The war in Ukraine has injected impetus into a re-evaluation of live, virtual and and constructive flight training.
Russia’s invasion of Ukraine has been a wake up call for military forces worldwide. This is especially pertinent to air forces which for the past three decades have been training for hybrid operations which are below the threshold of war or direct overt violence, but which pays dividends despite being easier, cheaper, and less risky than kinetic operations. The Russian threat to Europe now requires a rapid reassessment to this air force training.
The current operating environment is morphing and becoming more digitised, information-dominated, and contested. In order to maintain air superiority against near-peer adversaries in not too distant high-intensity conflict, air forces must invest in the modernisation of their assets and the procurement of future combat air systems.

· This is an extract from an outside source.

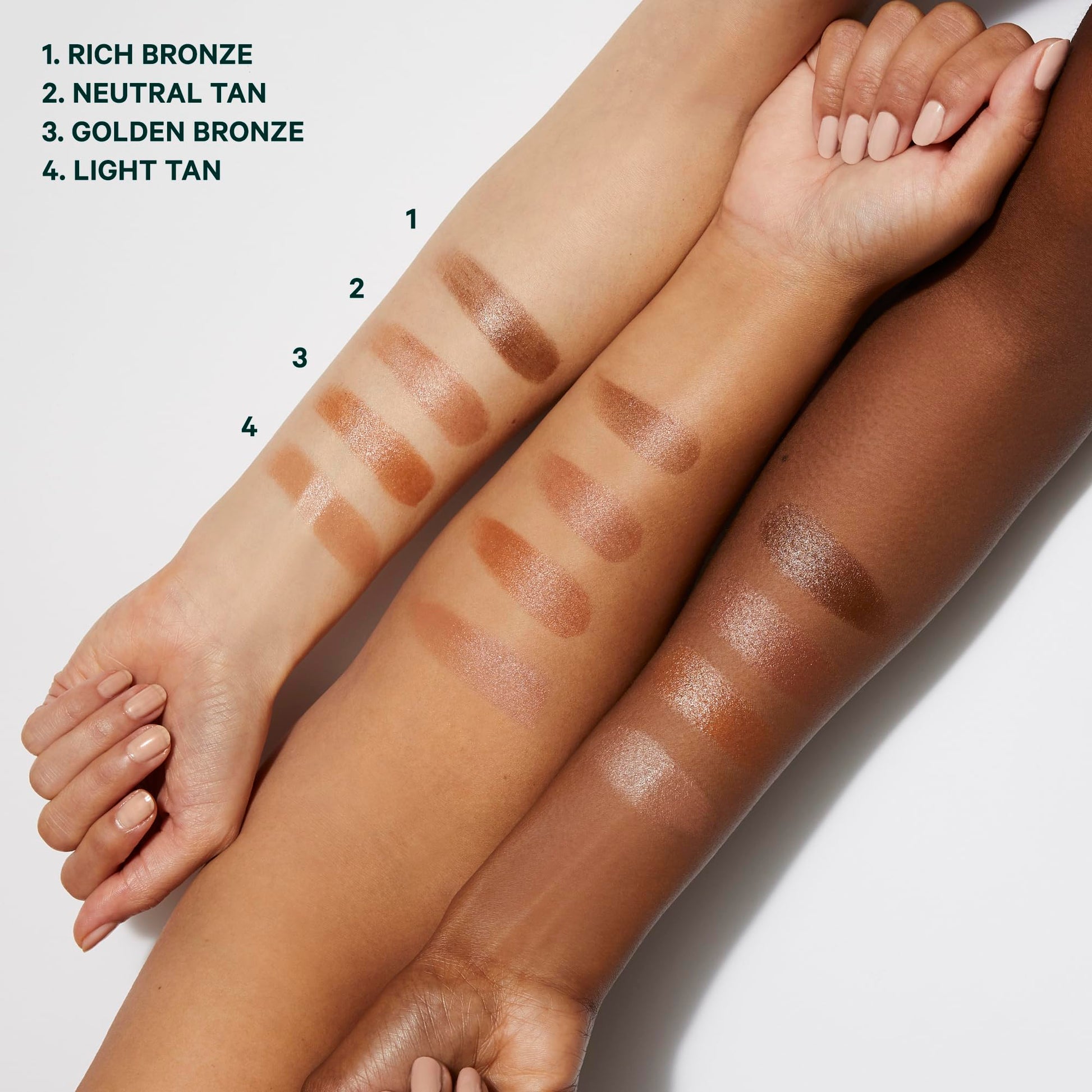 Well People hydrating cream bronzer stick showing the buildable texture swatch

However an air force cannot sustain high readiness if it does not have sufficient numbers of instructors or pilots to operate its advanced fleets of aircraft. Platform modernisation and training are not developing along a parallel trajectory. While cockpits and aircraft capabilities are becoming ever more advanced, training often remains vested in old models and practices. The current flight training system does not support rapid pilot production, neither does it allow for effective specialised training. As a result, manpower is decreasing and pilot shortage is exacerbating.
Closing the gap
In order to close the pilot shortage gap, air force leaders will need to think more innovatively and transform the training system to accelerate pilot production without compromising the quality of training. To create a high-end capable force, senior military leaders will need to establish a holistic, integrated strategy and leverage education, modern trainer aircraft, threat emulations, and integrated synthetic/virtual training capabilities.
There are still concerns over how immersive synthetic training is. Arguably, simulators cannot replace live training and there is pushback against changing the balance between live and synthetic training. The components of Live, Virtual and Constructive (LVC) are clear, however its integration with real flight training remains to be a challenge. Network management has to improve to effectively combine the LVC domains. The future, congested operating environment requires air forces to develop common interfaces and an open training architecture where LVC could be attained in mixed inventories of new and legacy platforms. Establishing linked synthetic mission training systems and networking simulators to enable multi-entry and multi-location training exercises is difficult, especially in a multinational context such as NATO.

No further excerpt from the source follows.